Née en 2013, notre filiale lyonnaise poursuit une belle croissance. Corentin Maucoronel, qui préside à sa destinée, nous apporte son éclairage sur ce qui fut le premier acte de l’implantation européenne du groupe.

A+W. Comment est née l’idée d’A+W Lyon ?
C.M. Nous étions actifs en France depuis quelques années déjà, depuis le bureau genevois. La plupart du temps, nous étions mandatés pour des projets de rénovation énergétique, comme par exemple, celui du siège de Bouygues Construction à Paris. Nous avons souhaité nous rapprocher de notre clientèle française et renforcer notre activité dans l’hexagone.

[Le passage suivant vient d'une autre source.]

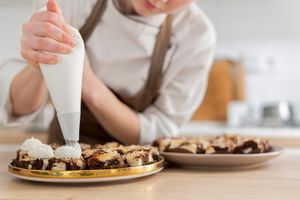 5 Rekomendasi Ide Bisnis Kue Khas Lebaran yang Laris Diburu Pembeli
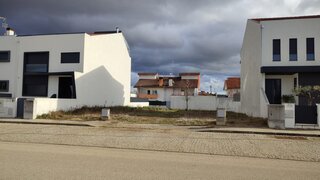 Terreno de 240 m² em Bragança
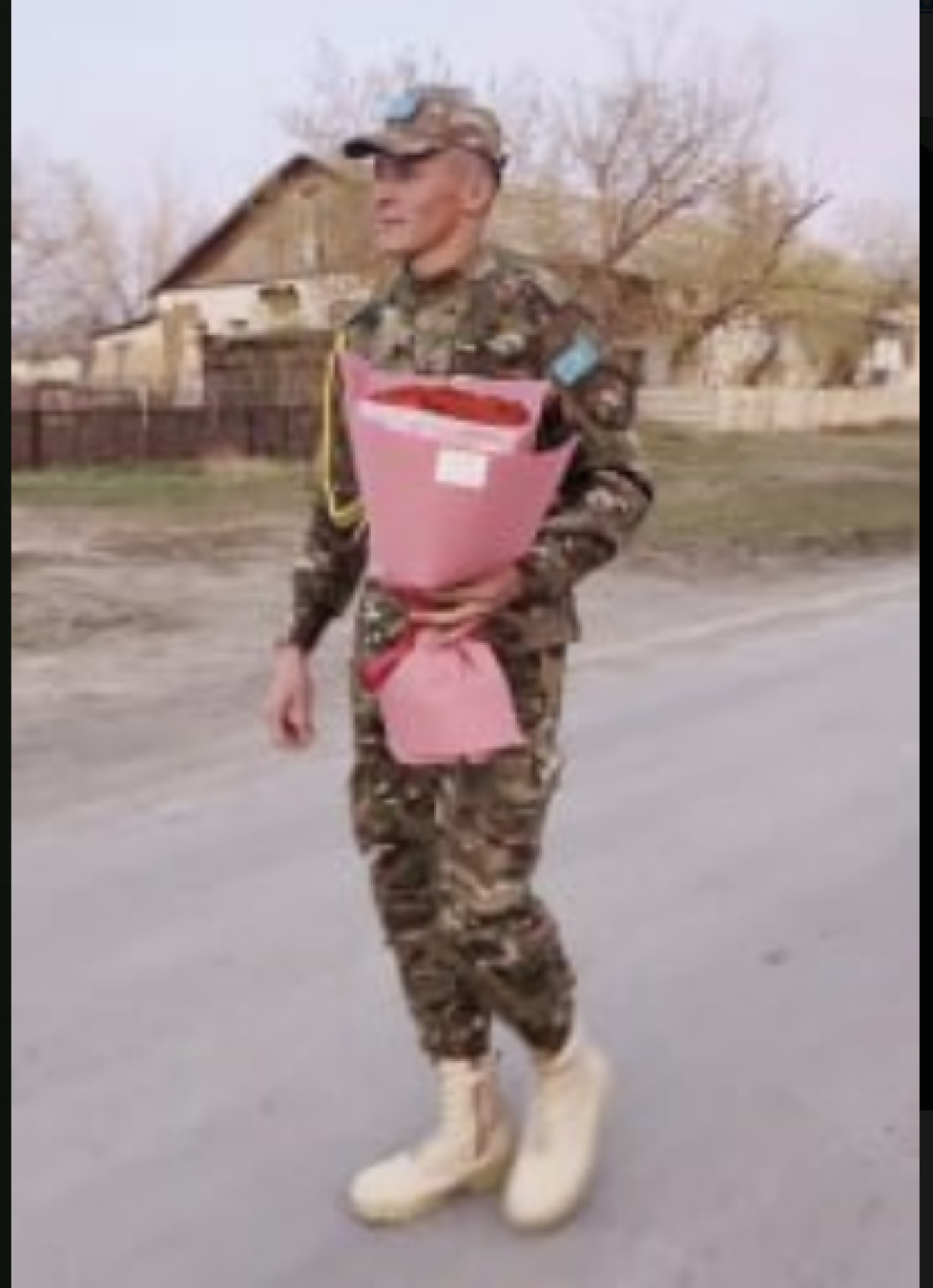 Вернулся из армии с букетом цветов для мамы: Казнет восхищается поступком казахстанского солдата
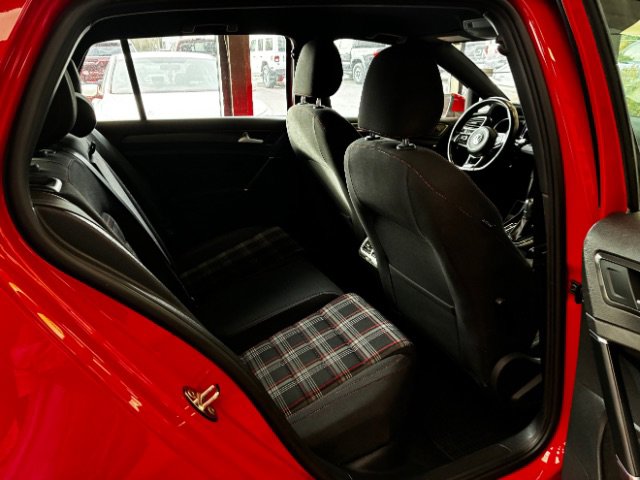 Used 2018 Volkswagen GTI S image 33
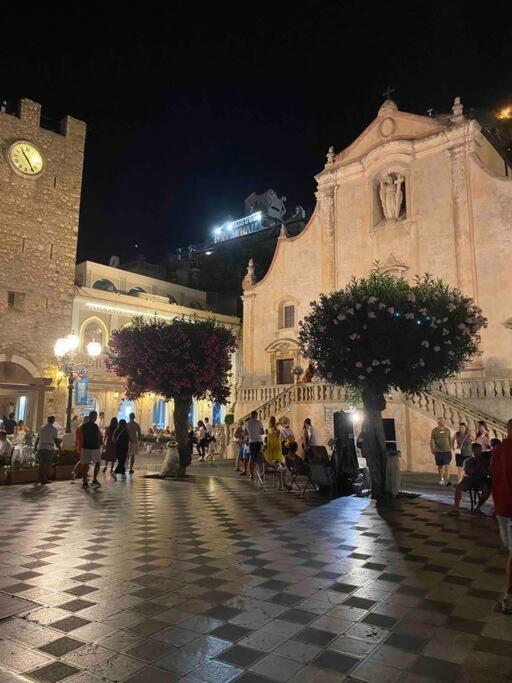 Casa Vacanza Giardini Naxos Taormina Miranaxos Dış mekan fotoğraf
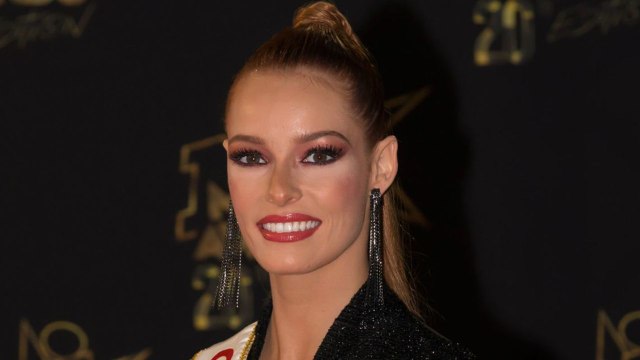 VOICI Maëva Coucke à Miss Monde : Miss France 2018 dévoile son costume national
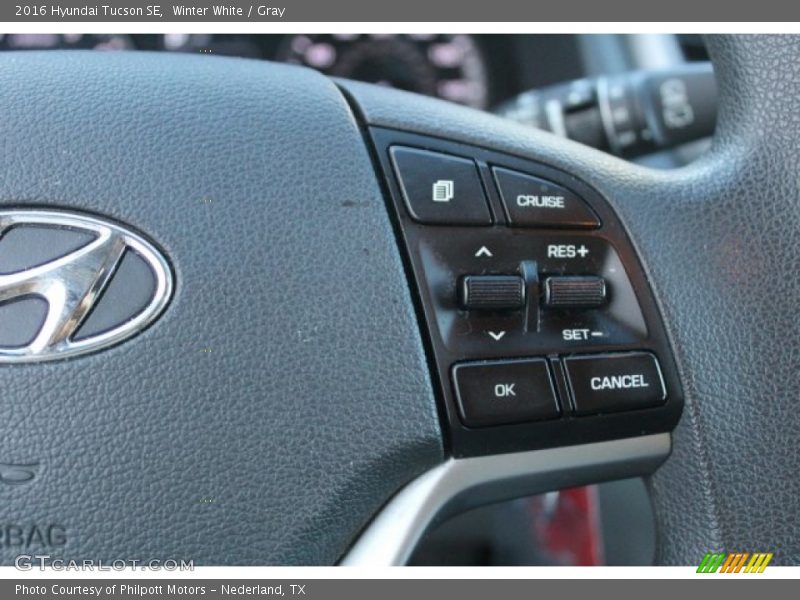 Winter White / Gray 2016 Hyundai Tucson SE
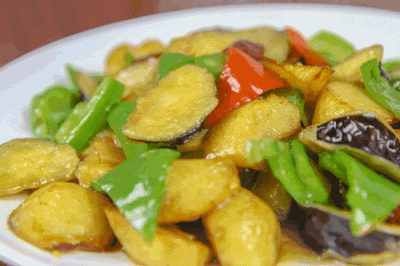 ​地三鲜怎样做简单又好吃 简单家常的做法，下酒下饭味道太赞了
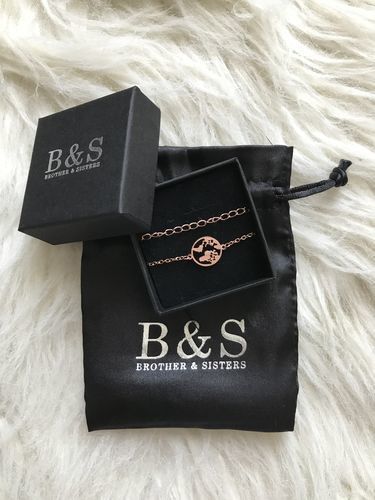 Customer photo review of Little Earth Bracelet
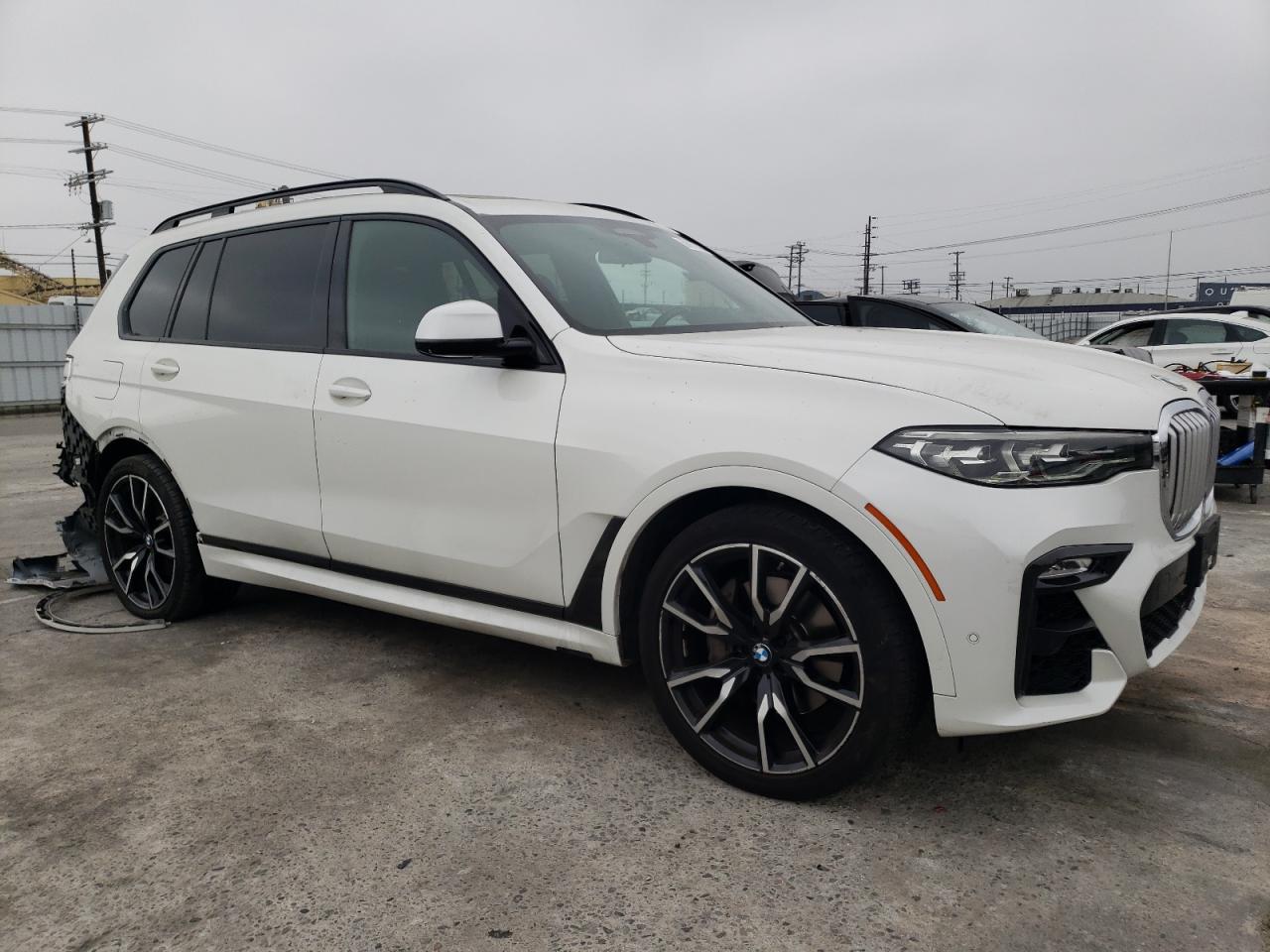 Photo 3 VIN: 5UXCX4C58KLS39240 - BMW X7 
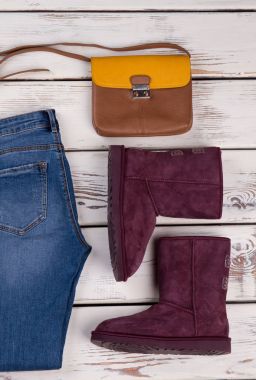 Boots, kot pantolon ve omuz çantası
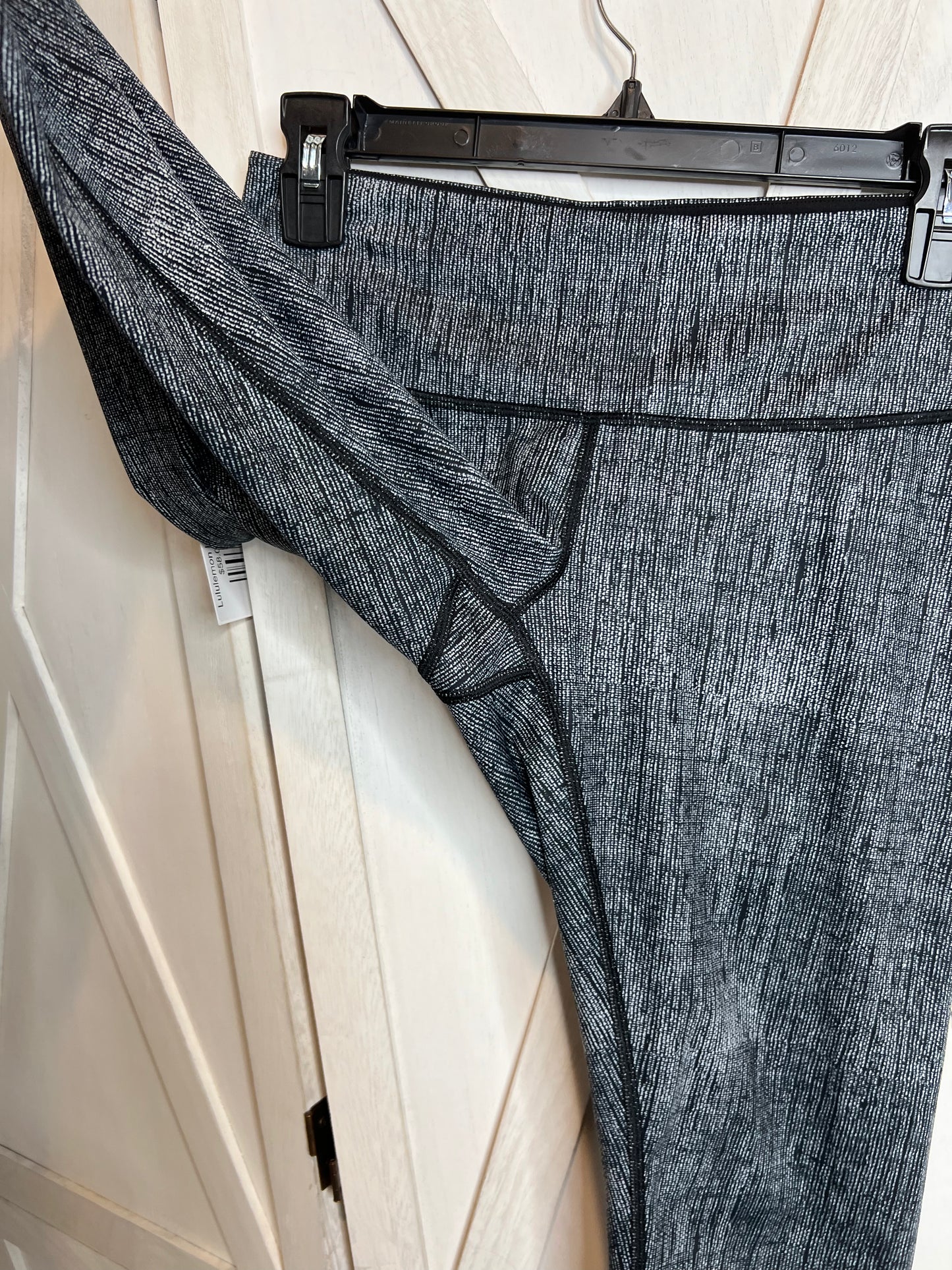 Lululemon Leggings (19”) *SIZE 6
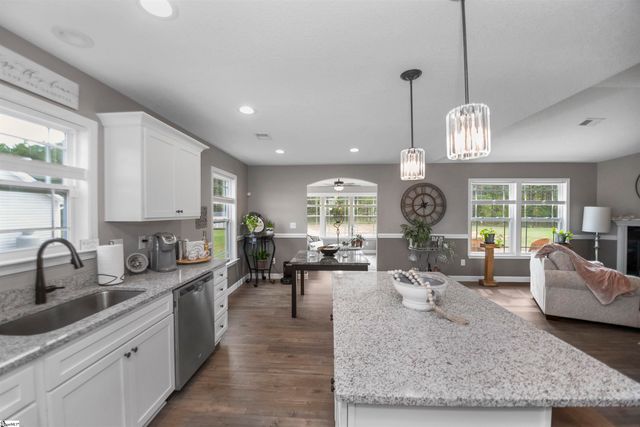 128 Double Creek Drive, Gaffney, SC 29341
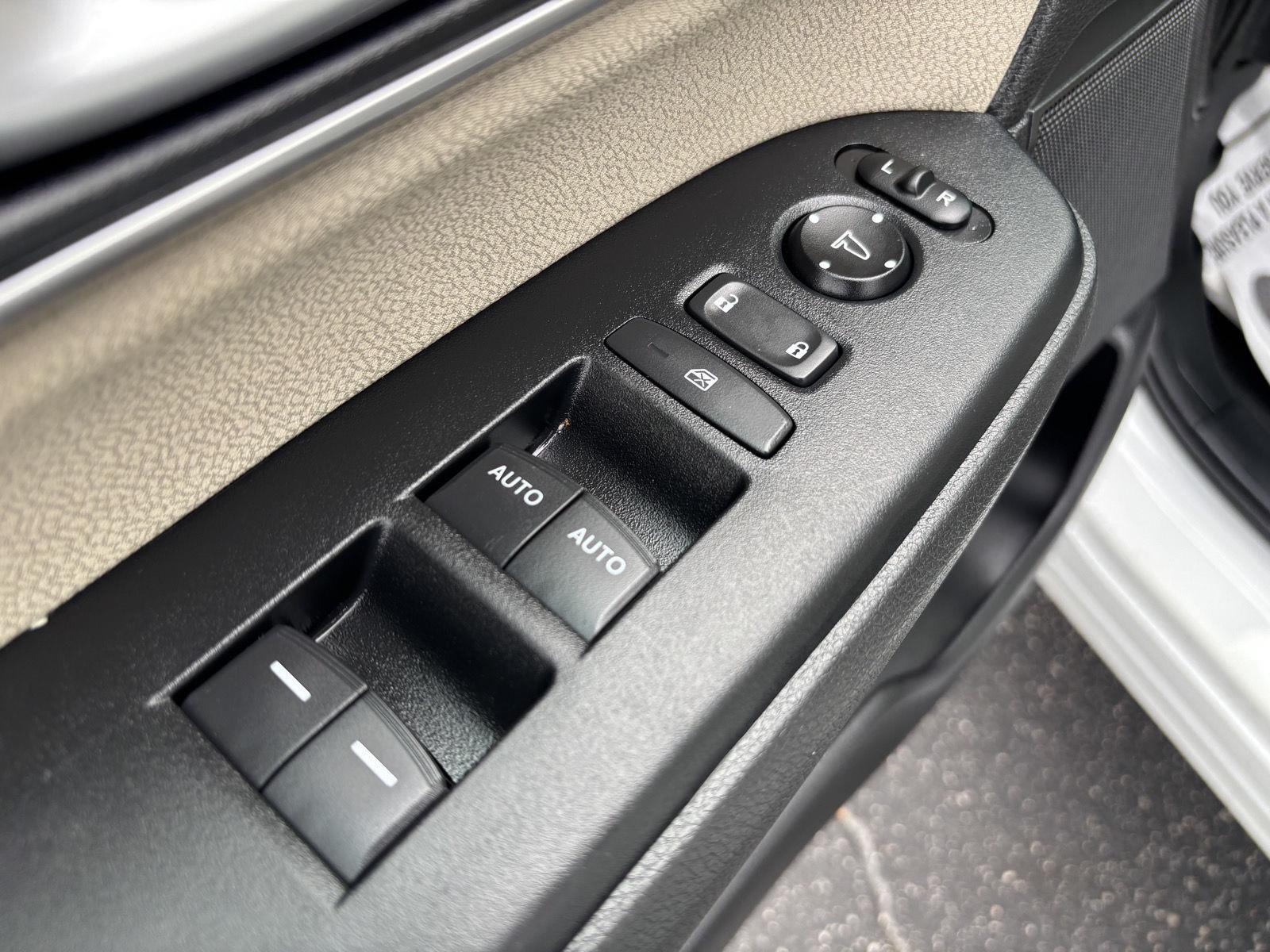 2022 Honda CR-V EX photo 13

Pourquoi avoir choisi Lyon ?
Cela nous a paru être un choix cohérent, afin de rayonner sur l’espace rhônalpin tout en restant proches de la Suisse romande. Nous sommes installés à la Part-Dieu, un quartier situé dans le 3e arrondissement, considéré comme le deuxième centre-ville de Lyon après la Presqu’île et le second quartier d’affaires français après La Défense.
Notre déploiement s’inscrit dans une stratégie d’expansion européenne, avec pour objectif de compter 10 % de nos ressources humaines au-delà de la Suisse, à l’horizon 2025. Notre groupe comptant environ 1000 collaborateurs, nous souhaitons répartir une centaine de collaborateurs en France, Allemagne et Autriche.

Comment est organisé votre bureau ?
Lorsque j’ai ouvert la filiale lyonnaise en 2013, nous étions 2 personnes  ; 7 ans plus tard, nous comptons un effectif de 10 personnes, pour couvrir tout le spectre de compétences de l’ingénierie technique et environnementale à l’échelle du bâtiment et du territoire.

Comment vous êtes-vous attelé au développement ex nihilo de l’entité lyonnaise ?
Partant avec le transfert de mandats signés avec l’entité genevoise, nous avons rapidement fait le choix de certaines spécialités de niche, notamment la géothermie et la qualité de l’air intérieur, qui se sont révélées porteuses pour notre bureau, mais également pour Genève. Nous participons régulièrement à des salons et des groupes de travail, où nous valorisons l’exceptionnelle expertise du groupe.

Comment décririez-vous le marché français ?
Il se caractérise par une diversité remarquable. La France possède un extraordinaire patrimoine culturel, ce qui nous amène à intervenir sur des projets très variés. Qu’il s’agisse de chais viticoles, de rénovation de monuments historiques, ou de missions outremer, chaque dossier est réellement enthousiasmant par ses exigences créatives et techniques. Le marché est également très ouvert aux nouvelles technologies et à l’innovation grâce à une vraie dynamique des Maîtres d’ouvrages – qu’ils soient publics ou privés – et un soutien important des instances étatiques tel que l’ADEME.

Et pour 2021 ?
2020 sera une année équilibrée, malgré les mois de ralentissement dus à la crise sanitaire. Nous tablons même sur une croissance. Pour 2021, nous planifions l’ouverture de notre succursale à Paris, qui sera située dans le périmètre de la gare de Lyon. Nous travaillons déjà sur des projets d’importance, notamment pour l’amélioration énergétique de l’Opéra Bastille et de l’Opéra Garnier. Disposer d’un bureau permanent à proximité de ces chantiers répond aux souhaits de nos clients et pour nous, à de nouvelles opportunités de développement.